The only security issues are that traffic sent between the ESM and the Exchange server is unencrypted. There is no impact on OWA. If concerned about encryption between the management console and the Exchange server you can always RDP into the Exchange server and run the Exchange System Manager locally.
extremely helpful. my compliments sir.
Much Appreciated, getting rather worried about not being able to see the public folders…. SBS sucks
Pingback: suursavo.org » Blog Archive » Exchange Public Folders SSL-sertifikaattiongelma
Thanks – saved my day (or night maybe)
Tanks,
It works fine, good luck with your blog.
A Admin.
Pingback: vandrei Blog » Blog Archive » Exchange System Manager
Thanks,
It works like acharm, very nice job !
Hilitec
GJ m8y, proper pleased with that.
Thanks V much
Wow. Hours and hours of trying to fix this…and THAT was all I had to do?
THANK YOU!!!
No luck here. Some other service to restart, maybe?
Found it! When I removed SSL from Exadmin, it either didn’t stick or I screwed up the 128 bit/require SSL box sequence. Thanks.
Worked perfectly. Thank you for posting the fix.
After all these hours searching for solution finally bingo!
Thanks a lot!!
Thanks, it’s been years trying to fix this
Will I need to make the FQDN match the local server name in order to access OWA, share point, etc. from an outside location (i.e., over the Internet)?
Hi Tom
This only affects the SSL certificate used by the Exchange System Manager so it doesn’t have an impact on OWA or anything else.
It effectively stops the ESM from using SSL.
Hope this helps
Paul
Thank you. The instructions solved the problem.
I understand that this will stop ESM from using SSL. However, if I
want to use SSL over the internet to access Exchange mailboxes or
public folders (OWA) or Sharepoint web sites will I run into problems
because the server name is incorrect in the certificate?
I guess what I’m asking is … isn’t this certificate used by other
applications that utilize SSL? And therefore, shouldn’t I change the
certificate or create a new certificate to utilize the correct server
name? That way ESM as well as other applications would work properly
even with SSL on?
Thanks again for any help you can provide.
Tom
Thanks for this – tried everything else on other sites, nothing else worked.
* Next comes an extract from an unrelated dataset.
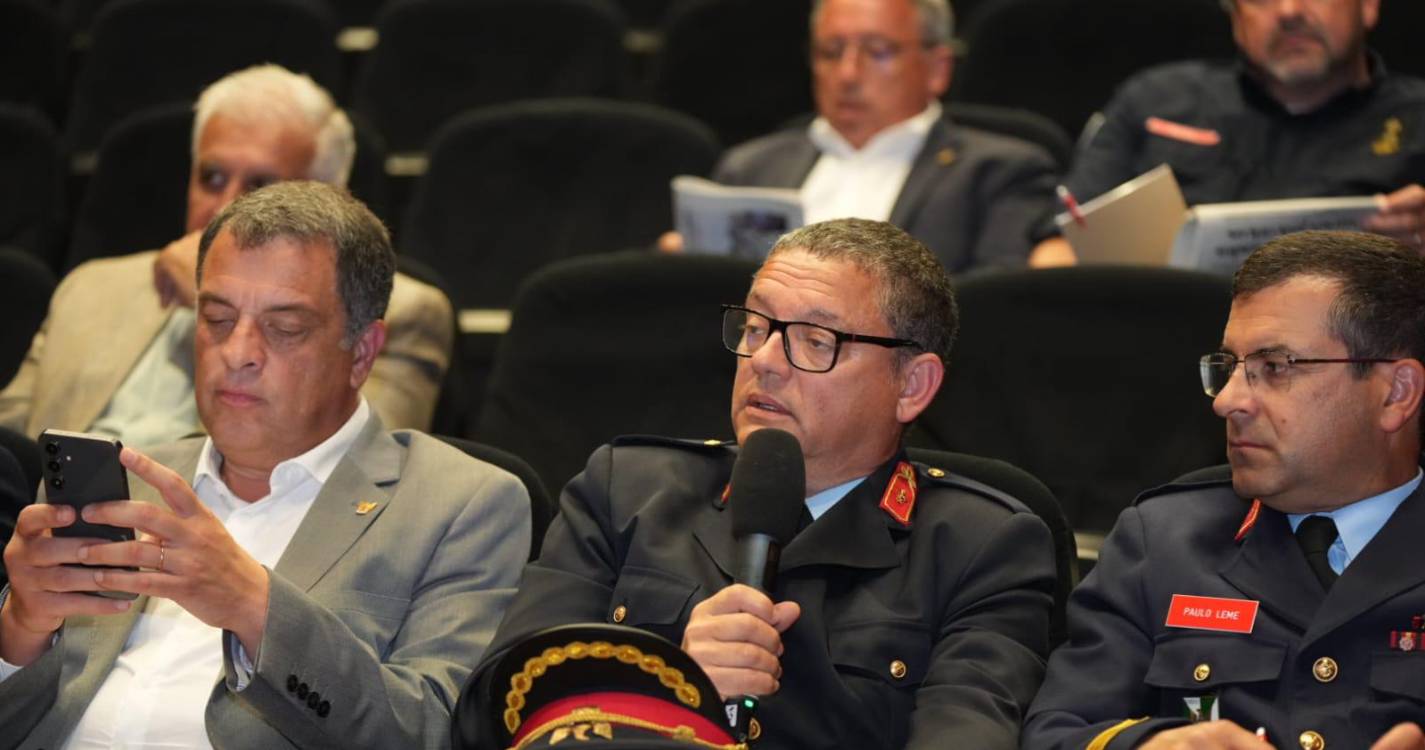 Fórum JM: Sidónio Pio diz que bombeiros se sentem reconhecidos pela sociedade e querem mais formação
This worked perfectly.
Hello, i have the same problem on my runing W2K3 R2 Server with Exchange 2003 installed (not SBS 2003).
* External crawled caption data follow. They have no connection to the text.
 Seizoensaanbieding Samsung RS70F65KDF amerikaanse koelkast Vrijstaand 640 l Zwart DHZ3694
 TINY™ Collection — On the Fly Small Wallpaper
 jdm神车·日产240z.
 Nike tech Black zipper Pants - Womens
I have tried your solution but the entry msExchSecureBindings is alway empty.
At the moment i get the error c103b404 from the Exchange System Manager when accessing the public folders or trying to generate a new one.
Is there anything else i can try to fix this problem?
Thanks
Stefan from Germany
Hi,
I have Win2k3 sp2 DC/GC server with Exchange 2003 sp2.
It’s the same for me. msExchSecureBindings is always empty. I restared both IIS and System Attendant services and I am still getting the error c103b404 when I tried to view Public Folders inside System Manager.
have you found a solution Stefan?
Travis from Canada
Hello Travis,
until now i don’t found an solution to this problem.
Stefan
this helped.
Thanks for sharing such a nice post..
Yip same here the value is blank in SBS 2003 R2 and still getting the error, anyone any ideas? THanks, JP
Right for anyone that found 443 missing already there are do workarounds:
1) Do what microsoft says and disable the requirement for SSL for excadmin in IIS and then block port 80 at the firewall so external users still need to use SSL.
2)Much nicer solution add and FQDN entry to your hosts file matching the ssl FSDN to the server IP address. You don’t even need to restart the services!
JP
Thanks. This worked and stopped the pain!
Note: might want to edit your instructions just to be accurate. At STEP 5 it should say:
5) right-click on EXADMIN and select Properties
6) scroll down to msExchSecureBindings, click on it and click “EDIT”
7) Highlight :443: and click Remove
Cannot thank you enough. I really did want to create a new certificate which is what Microsoft suggested after removing the SSL requirment though IIS didn’t work. You’re a genius!